Locoregional Therapy

Earliest treatment of cancer in the 1800s for patients with localized tumor growths consisted of radical anatomical dissection based on Halstedian concepts of orderly contiguous tumor spread and consideration of cancer as locoregional disease autonomous of its host. In early 1900s, radiotherapy emerged as a modality of cancer cell kill through ionizing radiation that disrupts various pathways of cell cycle.5 Radiotherapy thus provided an alternative or adjunct modality of locoregional treatment for various solid tumors. In the past two to three decades, significant technological advances in the conduct of surgery (e.g., endoscopic surgery, laparoscopic surgery, robotic surgery) and delivery of radiotherapy (e.g., intensity-modulated radiotherapy, volumetric modulated arc therapy, stereotactic body radiotherapy) have led to more precision in locoregional treatment, more organ preservation methods, and reduced morbidity. Parallel advances in reconstructive surgeries and various rehabilitation procedures have improved quality of life for patients with early stage solid tumors.

Systemic Therapy

Systemic anticancer treatment started with the discovery of cytotoxic chemotherapy in the late 1940s, the first few drugs being nitrogen mustard compounds and antifolates used in the treatment of leukemias and lymphomas. Since then, from 1949 to 2014, a total of 150 medicines has been approved including cytotoxic drugs and targeted agents with an indication for at least one type of cancer.6 Most of the cytotoxic drugs are alkylating agents, antimicrotubule agents, antimetabolites, and topoisomerase inhibitors which work in different phases of cell cycle, while most of the targeted drugs belong to signal transduction inhibitors, gene expression modulators, apoptosis inducers, hormone therapies, angiogenesis inhibitors, immune modulators, and monoclonal antibodies which targets one or more of the hallmarks of cancer pathogenesis. In the past 5 years from 2015 to 2019, approximately 60 new anticancer medicines, latest being the immunotherapy group of drugs, have been approved and several older drugs are being approved for newer indications, underscoring the steadily escalating efforts in drug discovery and translational cancer research.

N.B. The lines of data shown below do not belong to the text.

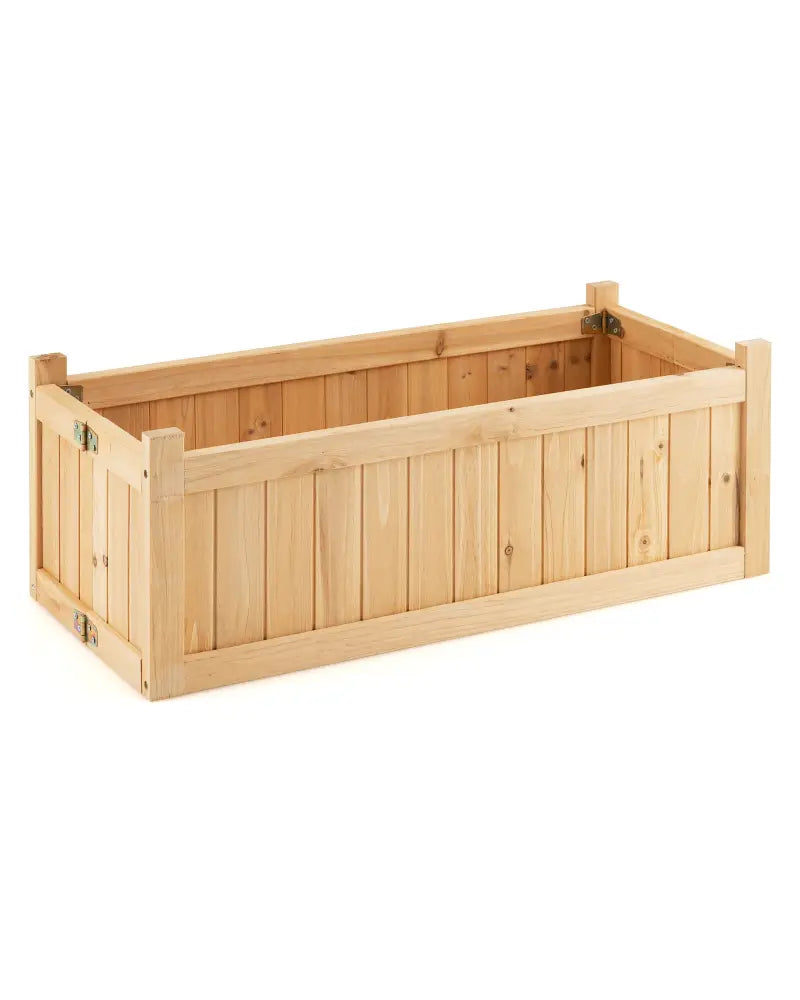 Folding Wooden Raised Garden Bed with Removable Bottom for Herbs Fruits Flowers - Natural - Raised Garden Beds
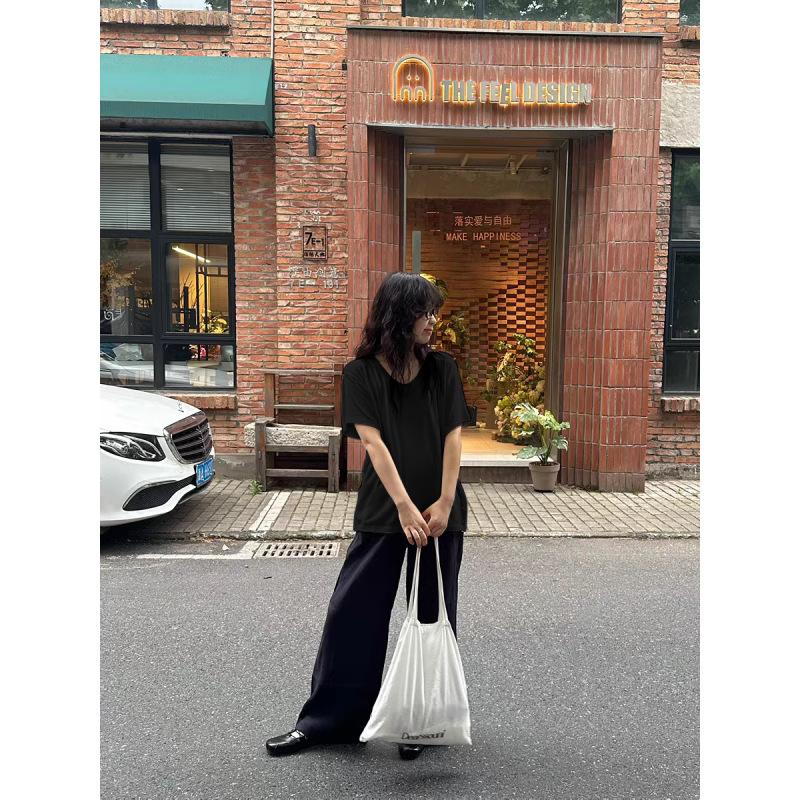 American V-neck gray front shoulder short-sleeved T-shirt women's summer new Korean loose lazy wind relaxation top
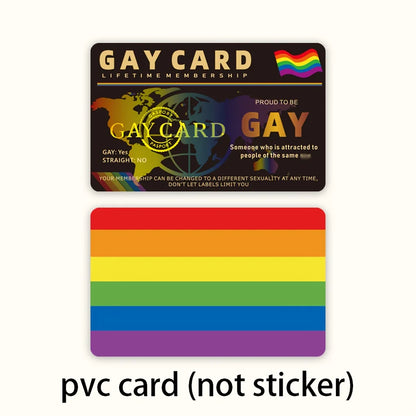 5 pcs-GAY CARD – Pride Lifetime Membership Collectible Card，Round Corner Credit Card Size, PVC, Durable Waterproof, Gay Members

Fig. 2 summarizes the major classes of cytotoxic drugs and targeted agents. Additionally, several supportive care drugs used to treat various side effects of cancer therapy as nausea and vomiting, myelosuppression, febrile neutropenia, gastrointestinal toxicities, neuropathy, and others have developed in parallel, allowing for timely and adequate delivery of intensive treatment protocols. Systemic chemotherapy is administered as cycles or periodic courses, with interval between two doses of an average 3 to 4 weeks, to allow adequate time for normal cells to recover from collateral cytotoxicity.

Fig. 2
(A) Cytotoxic class of drugs acting on different phases of cell cycles. (B) Table illustrating the major classes and components of cytotoxic chemotherapy. (C) Simplified illustration of families of targeted agents and their respective subcellular targets in the cell, nucleus, and microenvironment.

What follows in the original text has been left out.